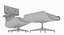 Eames Lounge 经典椅子和奥斯曼套装木炭织物桃花心木细节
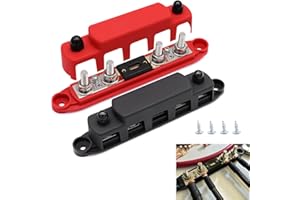 AULESSE 300A Bloques de Distribución de Barra Colectora 12V-48V DC Bloque de Conexiones de Batería con Fusible, 4 x M8 BusBar Terminal de Pernos para Coches, RV, Barcos(Rojo+Negro, 2 piezas)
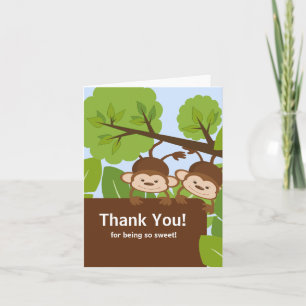 Safari Monkey Twins Baby Shower Thank You Card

PROBLEM TO SOLVE: Your answer must be an exact copy of the lines above, from the line that contains "AULESSE 300A Bloques" through the final line, with no pictures in it.

EXERCISE OUTPUT:
 AULESSE 300A Bloques de Distribución de Barra Colectora 12V-48V DC Bloque de Conexiones de Batería con Fusible, 4 x M8 BusBar Terminal de Pernos para Coches, RV, Barcos(Rojo+Negro, 2 piezas)
 Safari Monkey Twins Baby Shower Thank You Card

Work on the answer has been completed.